During a wide-ranging discussion, participants were more optimistic the new law could push the state into a leadership role in energy conservation, with some debate over the role of the state’s utilities and how much they should be rewarded.

Brand: ‘The utilities are fine’

Several speakers argued utilities — with well-established relationships with customers — ought to be the focus on bringing energy-efficiency to residents and businesses.

Stefanie Brand, director of Rate Counsel
But Stefanie Brand, director of the Division of Rate Counsel, disputed the prospect of allowing utilities to recover lost revenue from sales by incenting customers to use less energy — a provision called “decoupling’’ in energy jargon that’s used in more than half of the other states in the country.

“The entire energy efficiency discussion cannot be about how are we going to pay utilities,’’ Brand said. “This is crazy.
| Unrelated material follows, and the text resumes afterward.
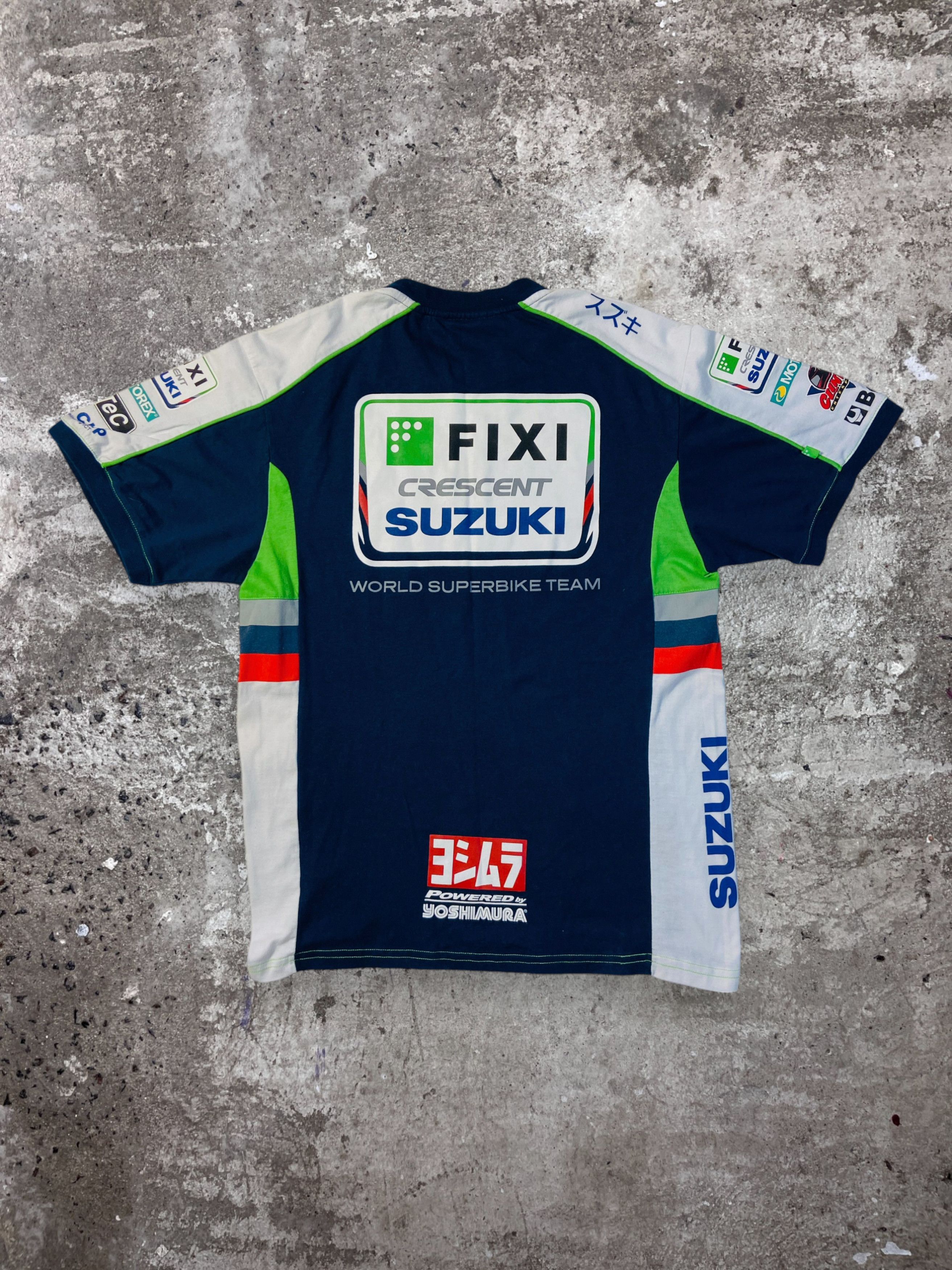 Japanese Brand Yoshimura Suzuki 2000s Rare Vintage Tee 273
This is why nothing has happened. I see their books. The utilities are fine.’’

Others disagreed on whether the state can move forward with aggressive energy-efficiency goals without decoupling.

“Yes,’’ acknowledged Barber, “and probably not as easily; not as quickly, and not as certainly, I would add. It is the better direction to cut the link that is causing the utility to be simply focused on sales.’’
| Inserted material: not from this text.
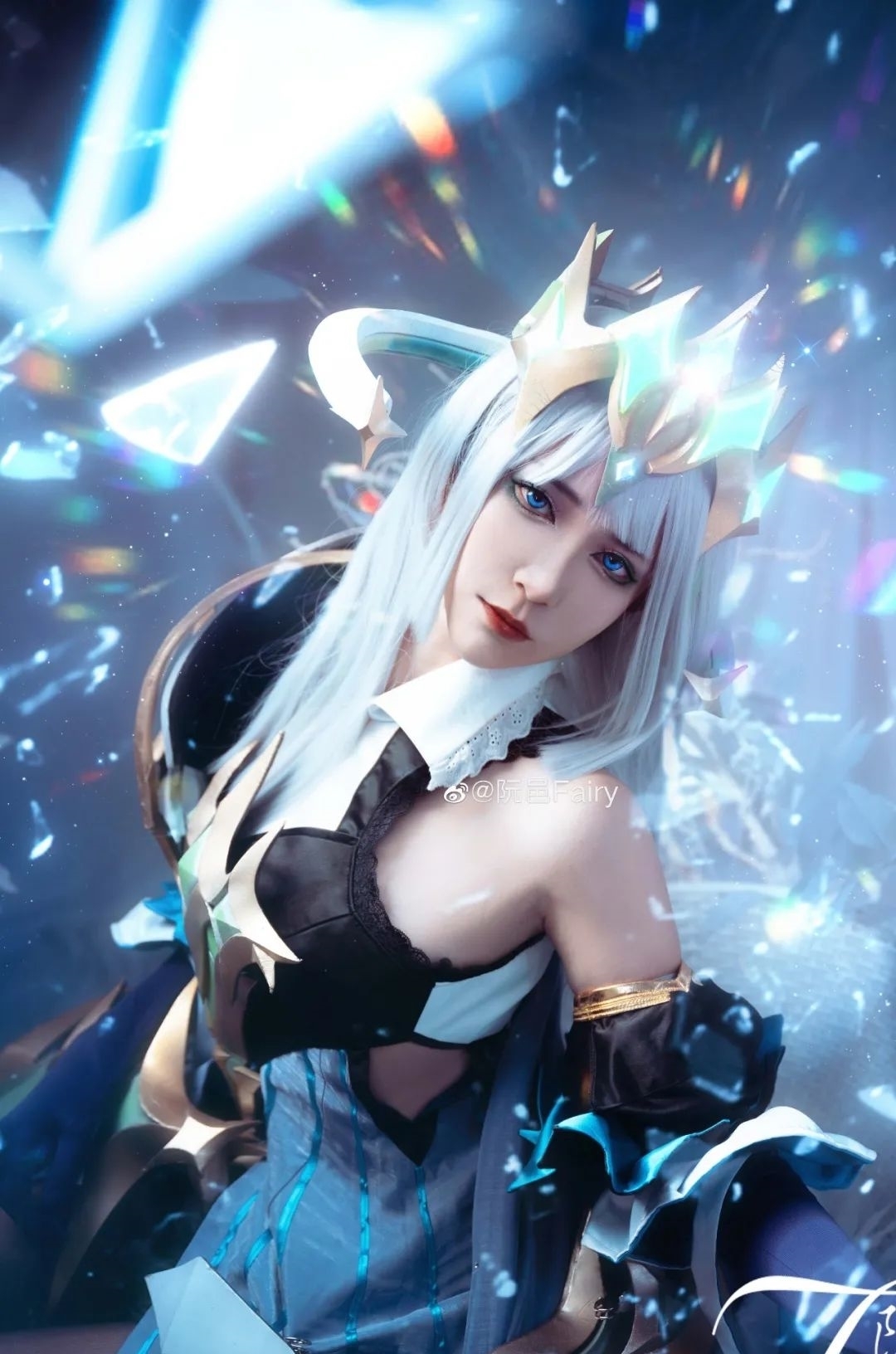 cos:王者荣耀虞姬启明星使cos正片@阮邑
New Jersey Gas is one of two utilities in the state (the other is South Jersey Gas) to have an energy conservation program in its tariffs. It has helped 50,000 customers to cut gas bills, create 2,600 new contracting jobs, and generate $350 million in economic activity, according to Tom Massaro, a senior vice president at the company.

Gabel agreed decoupling is needed.

“The customer’s pockets are not going to be picked by this,’’ he said. “All you are doing is realigning the incentives. In fact, if sales growth increases on a net to net basis, customer rates are going to go down.’’

Brand, however, countered that such a program only transfers the risk to ratepayers, who will have no other option besides the utility.

Focus on low-income populations

“We will be monopolizing energy efficiency if we do this,’’ she said. “All of these companies that do the work will be beholden to the utilities to get the work. This is a really serious issue that we have to grapple with.’’

Those issues should play out in the next year as PSE&G is expected to file a multi-billion-dollar proposal within a few weeks, calling for huge investments in energy efficiency, as well as its pending rate case.

Any new statewide energy efficiency initiative, most participants agreed, ought to focus on low-income populations who have largely not benefitted from state efforts to promote clean energy.

“There are territories underserved; there are markets underserved,’’ Procell said.